-- Opening Marker --

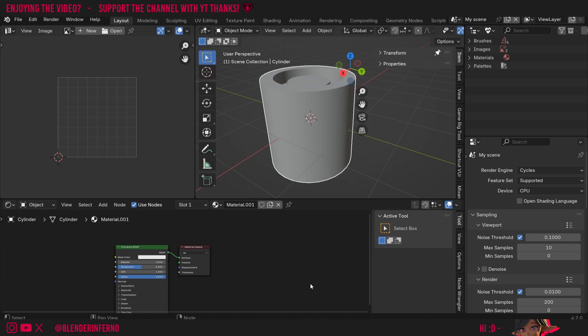As per request by one of the patrons on Patreon for the channel, today we're going to be making a video on how to bake ambient occlusion maps in Blender 4.2.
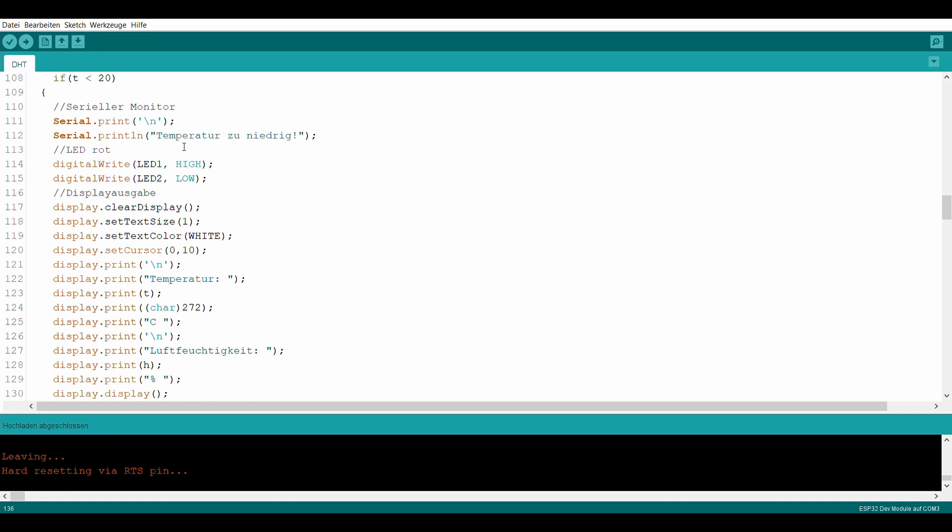Auf dem Display erscheint ein warnendes Ausrufezeichen. Ist ein großes H neben dem Ausrufezeichen zu sehen, so ist die Luftfeuchtigkeit zu hoch. Ist das H klein, so ist die Luftfeuchtigkeit zu niedrig.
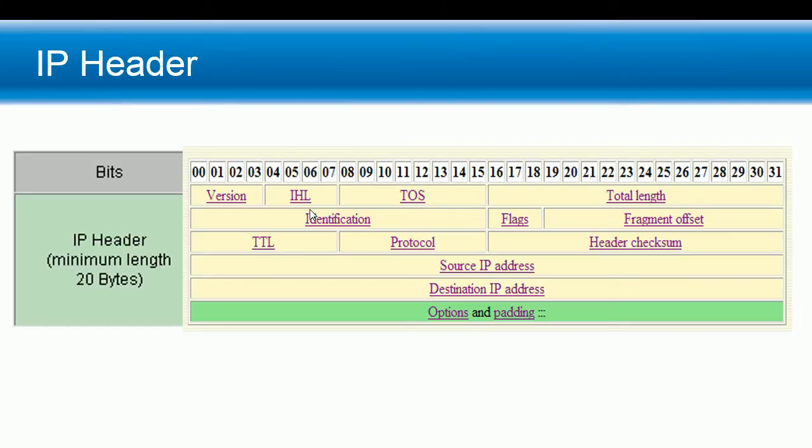The protocol field tells us the next upper layer protocol that this IP datagram is transporting—the two most common are TCP with hex value 06 and UDP with hex value 11. Header checksum validates the IP header, sort of like CRC for the frame. This gets recalculated at every router hop as the router decrements TTL or changes a value in the IP header.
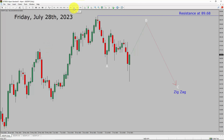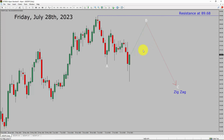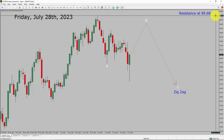Inside the daily timeframe, the trend is down in the NZDJPY currency pair. Daily timeframe resistance is present at the 89.68 price level. Price action is most likely going to rise up to print bullish wave B pullback. After that, I expect bearish wave C zigzag lag in the incoming trading days. A decisive bullish breakout above the 89.68 resistance area is going to end the downtrend in the daily chart of NZDJPY.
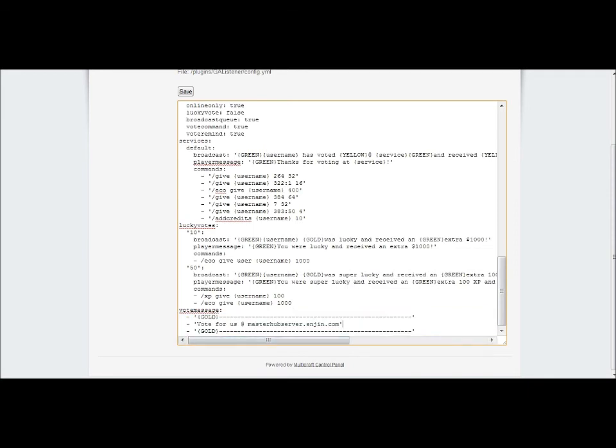And then it will take them straight to your website where they can go to the vote button, or you can set it up with all the different links so they can go directly to the voting website if you wish to do that instead.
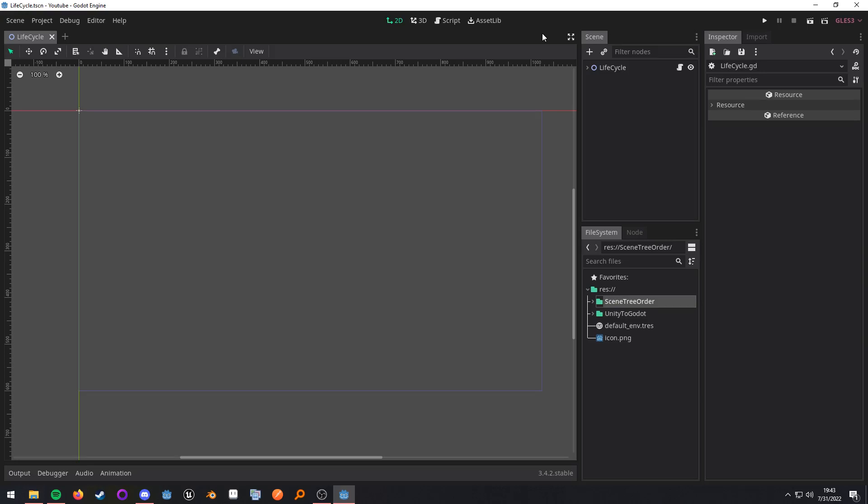What up nerds, in this video I want to cover some of the lifecycle methods that you will be encountering when using Godot. This information will remain relevant for both versions 3.x and 4.0 as it is a part of the foundation in how Godot works. Now a lifecycle method is going to be a method that the engine will call for you during an object's lifetime. This video will be mostly focusing on the node object as that will be what you will be interacting with the most.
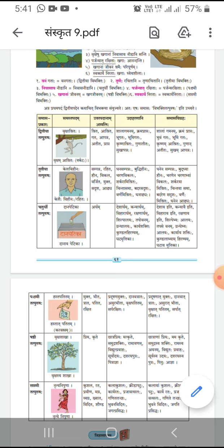Here parjanyat is in panchami vibhakti ekvachanam — this is prathampad, and uttarpad is rakshitaha, which is dhatu sadhit vishashanam. As prathampad is in panchami vibhakti, that panchami vibhakti will be dropped and the new samasic shabda or samasthapad will be parjanyatrakshitaha.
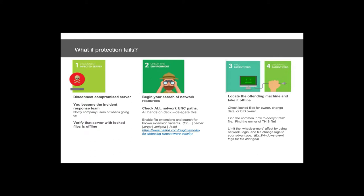Step one: your file server is compromised — pull the network cable. If it's a virtual server, disconnect networking immediately. Then start your investigative process — you are now the detective. You need to find how many servers and resources were impacted. One way to check your environment is to scan every single UNC path for known ransomware files: howtodecrypt.htm, .crypt, .enigma, .lock. If you find any of these in shares, pull the cable from that server immediately. This step determines the full scope of the problem.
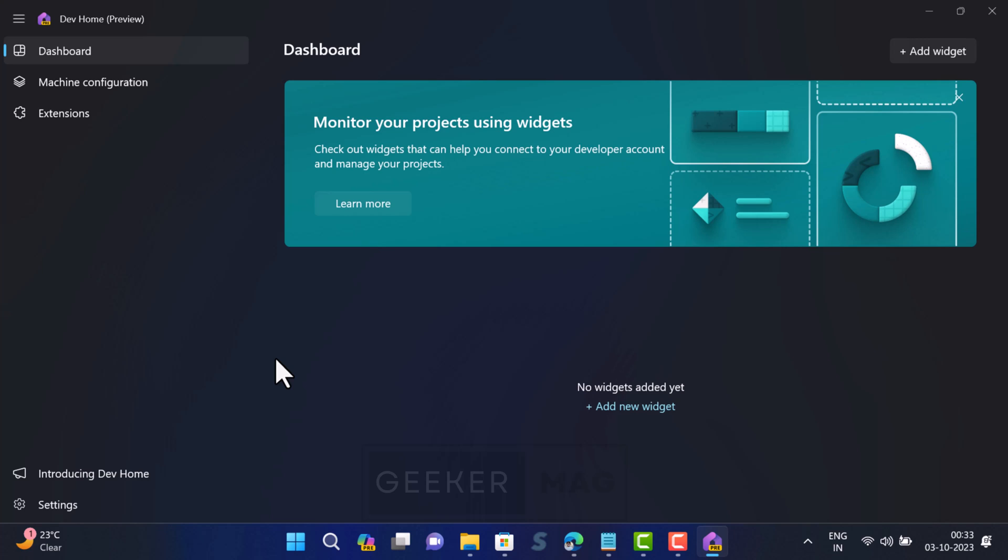Microsoft recently rolled out Windows 11 2.3 S2 Moment 4 update with various features. This update also includes Dev Home app. It's a centralized location for setting up your machine, monitoring your system information, and managing your projects.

-- Closing Marker --

> [WORK ORDER]:
Print the listing exactly, but skip its pictures.

> [RESPONSE BOX]:
As per request by one of the patrons on Patreon for the channel, today we're going to be making a video on how to bake ambient occlusion maps in Blender 4.2.
Auf dem Display erscheint ein warnendes Ausrufezeichen. Ist ein großes H neben dem Ausrufezeichen zu sehen, so ist die Luftfeuchtigkeit zu hoch. Ist das H klein, so ist die Luftfeuchtigkeit zu niedrig.
The protocol field tells us the next upper layer protocol that this IP datagram is transporting—the two most common are TCP with hex value 06 and UDP with hex value 11. Header checksum validates the IP header, sort of like CRC for the frame. This gets recalculated at every router hop as the router decrements TTL or changes a value in the IP header.
Inside the daily timeframe, the trend is down in the NZDJPY currency pair. Daily timeframe resistance is present at the 89.68 price level. Price action is most likely going to rise up to print bullish wave B pullback. After that, I expect bearish wave C zigzag lag in the incoming trading days. A decisive bullish breakout above the 89.68 resistance area is going to end the downtrend in the daily chart of NZDJPY.
And then it will take them straight to your website where they can go to the vote button, or you can set it up with all the different links so they can go directly to the voting website if you wish to do that instead.
What up nerds, in this video I want to cover some of the lifecycle methods that you will be encountering when using Godot. This information will remain relevant for both versions 3.x and 4.0 as it is a part of the foundation in how Godot works. Now a lifecycle method is going to be a method that the engine will call for you during an object's lifetime. This video will be mostly focusing on the node object as that will be what you will be interacting with the most.
Here parjanyat is in panchami vibhakti ekvachanam — this is prathampad, and uttarpad is rakshitaha, which is dhatu sadhit vishashanam. As prathampad is in panchami vibhakti, that panchami vibhakti will be dropped and the new samasic shabda or samasthapad will be parjanyatrakshitaha.
Step one: your file server is compromised — pull the network cable. If it's a virtual server, disconnect networking immediately. Then start your investigative process — you are now the detective. You need to find how many servers and resources were impacted. One way to check your environment is to scan every single UNC path for known ransomware files: howtodecrypt.htm, .crypt, .enigma, .lock. If you find any of these in shares, pull the cable from that server immediately. This step determines the full scope of the problem.
Microsoft recently rolled out Windows 11 2.3 S2 Moment 4 update with various features. This update also includes Dev Home app. It's a centralized location for setting up your machine, monitoring your system information, and managing your projects.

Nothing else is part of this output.